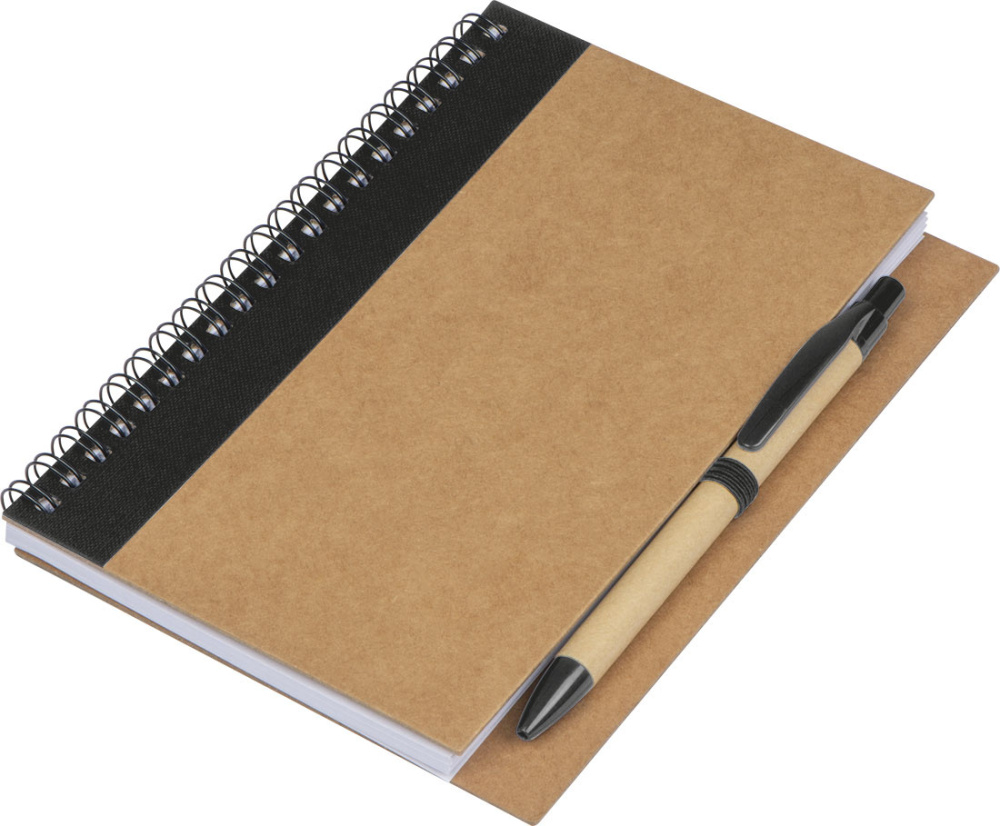 Logotrade promotional product picture of: Spiral notebook Ravenna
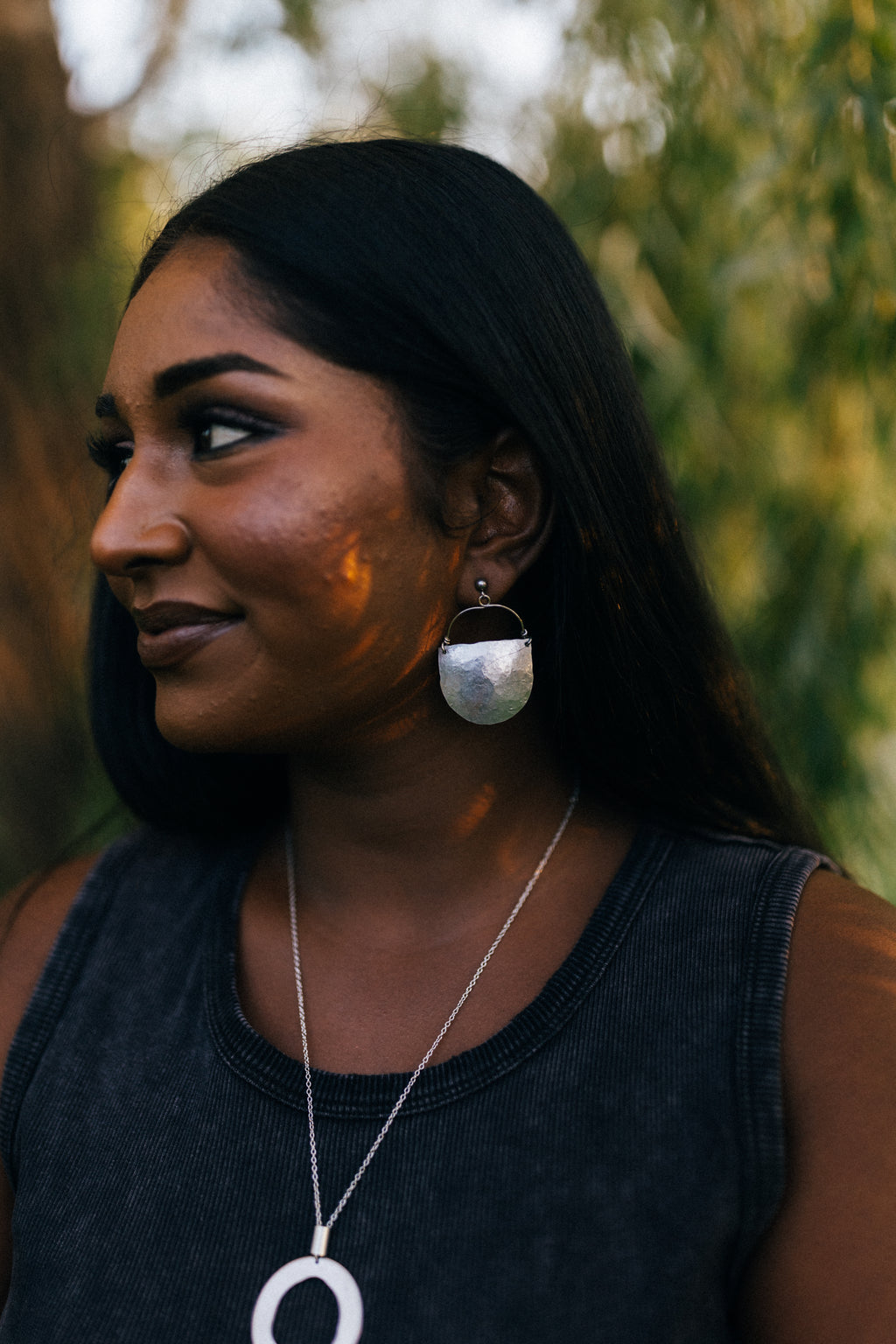 Eclipsed | Repurposed Automotive Aluminum Earrings with Surgical Steel Posts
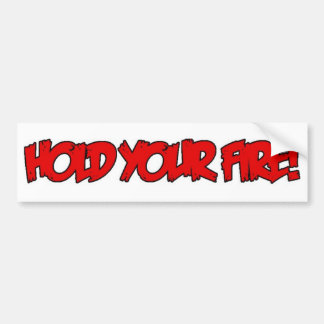HYF! Bumpersticker White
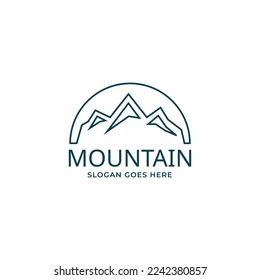 Mountains logo design vector template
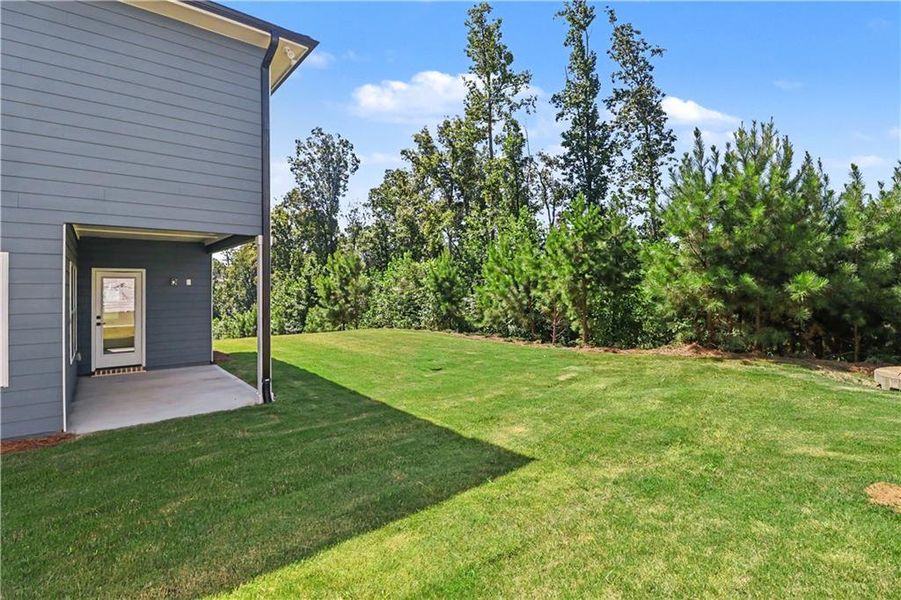 Exterior details and patio area of a home in Thunder Ridge, Dawsonville (Image 3).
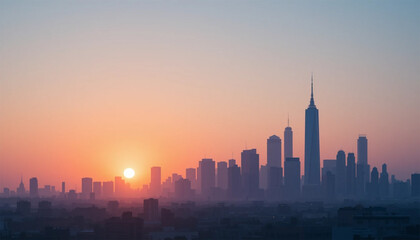 Fototapeta premium seattle skyline at sunset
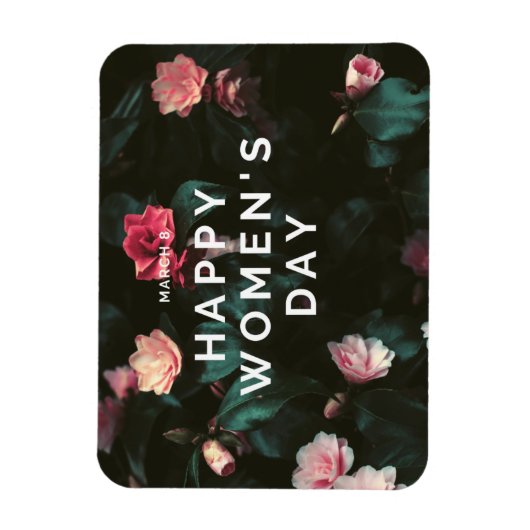 Fijne vrouwendag magneet (Verticaal)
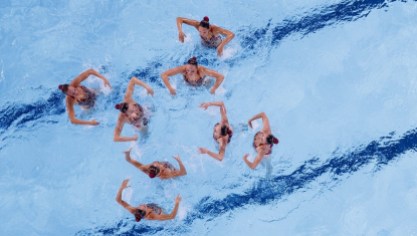 Équipe Canada natation artistique routine libre Lima 2019 Les nageuses artistiques d'Équipe Canada à Lima 2019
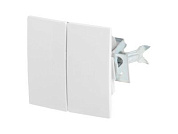 Выключатель 2 клав., cкрытый, 6А, белый, Стандарт, VS 56-232-1-Б, механизм, Юпитер JP7422-04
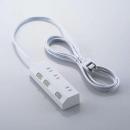 エレコム 電源タップ 3m T-IS01M-2330WH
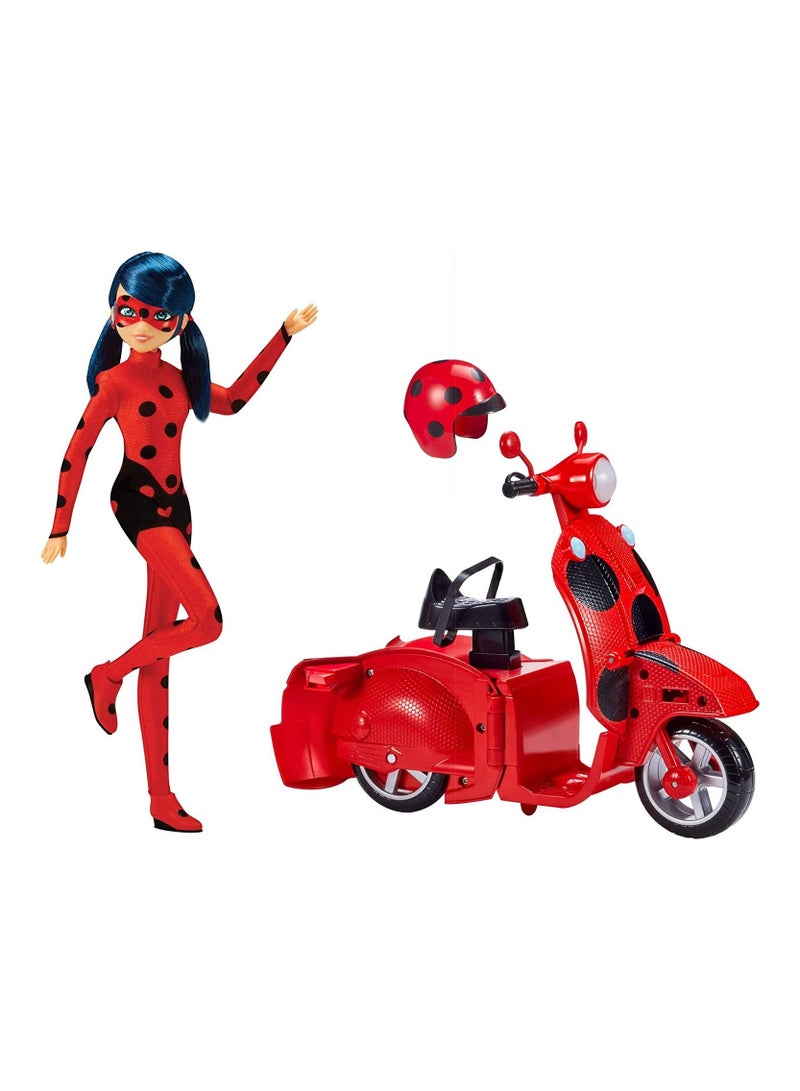 Switch 'n Go Scooter With Ladybug Doll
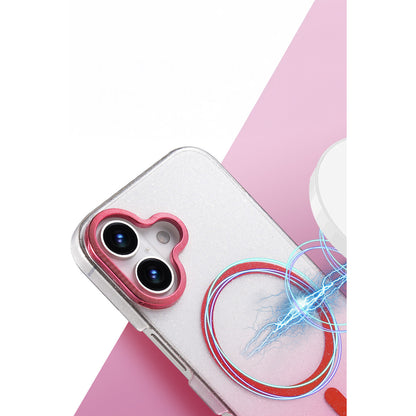 iPhone 16 Plus Glossy Magsafe Kapak - Pembe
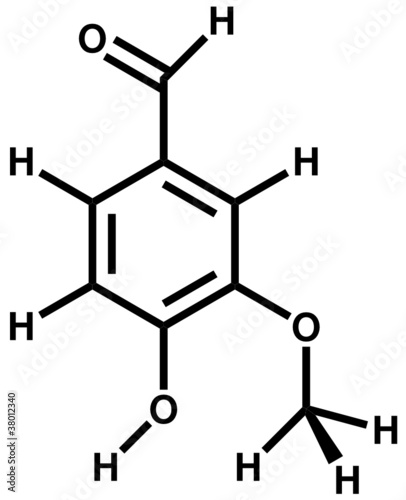Vanillin structural formula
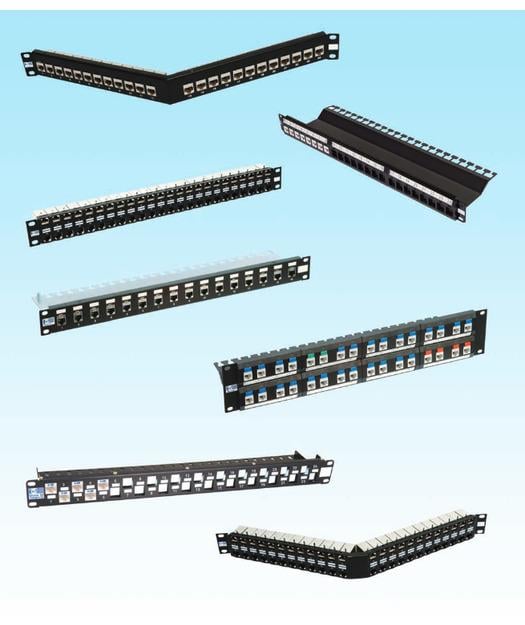 24 Port Keystone Jack UTP Çapraz Panel B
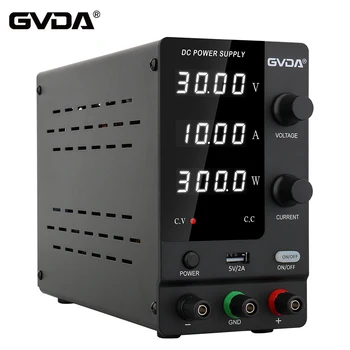 GVDA adjustable DC regulated power supply laboratory rotary encoder with lab bench power supply switch power supply stabilizer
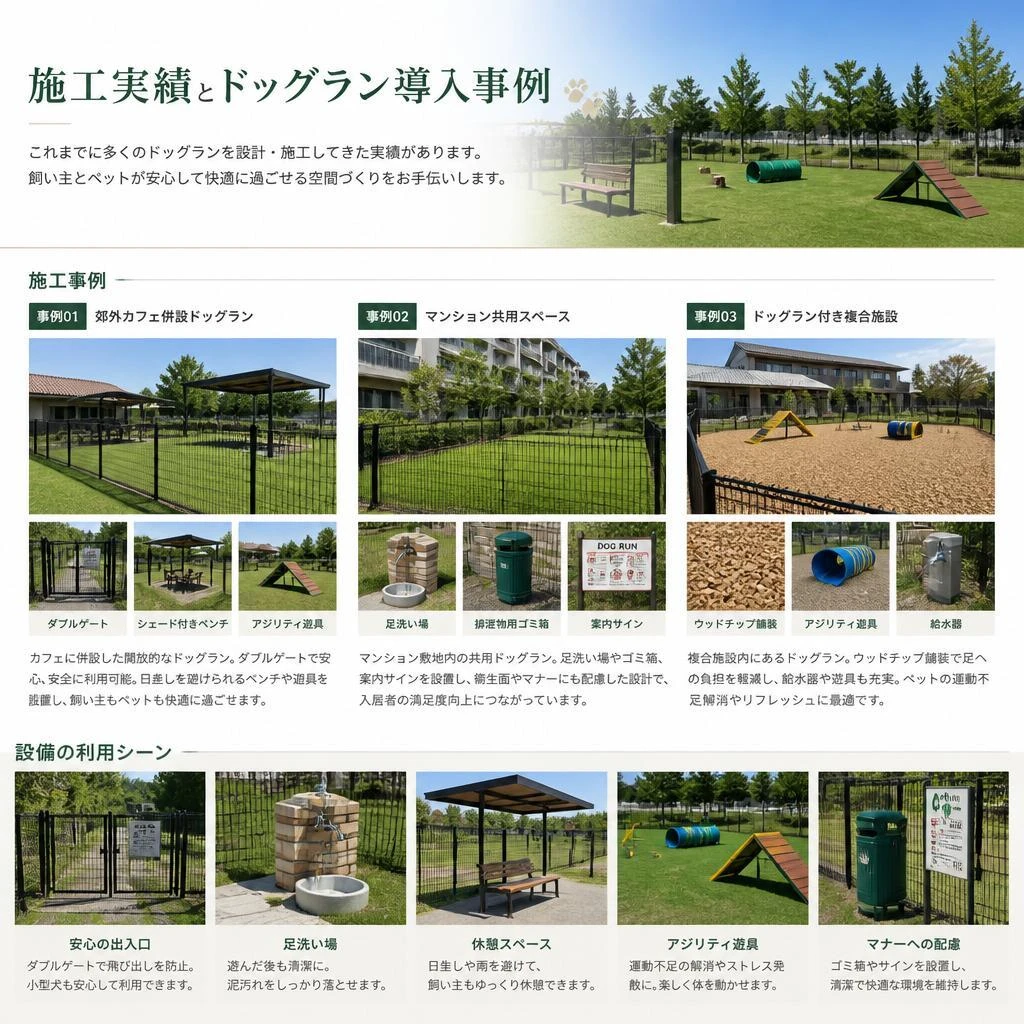 実績と施工事例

▶ _ABOUT THIS EXERCISE_: Copy all of the listing word for word, minus the images.

▶ _EXERCISE ANSWER_:
 Logotrade promotional product picture of: Spiral notebook Ravenna
 Eclipsed | Repurposed Automotive Aluminum Earrings with Surgical Steel Posts
HYF! Bumpersticker White
 Mountains logo design vector template
 Exterior details and patio area of a home in Thunder Ridge, Dawsonville (Image 3).
 Fototapeta premium seattle skyline at sunset
 Fijne vrouwendag magneet (Verticaal)
 Équipe Canada natation artistique routine libre Lima 2019 Les nageuses artistiques d'Équipe Canada à Lima 2019
 Выключатель 2 клав., cкрытый, 6А, белый, Стандарт, VS 56-232-1-Б, механизм, Юпитер JP7422-04
 エレコム 電源タップ 3m T-IS01M-2330WH
 Switch 'n Go Scooter With Ladybug Doll
 iPhone 16 Plus Glossy Magsafe Kapak - Pembe
Vanillin structural formula
 24 Port Keystone Jack UTP Çapraz Panel B
 GVDA adjustable DC regulated power supply laboratory rotary encoder with lab bench power supply switch power supply stabilizer
 実績と施工事例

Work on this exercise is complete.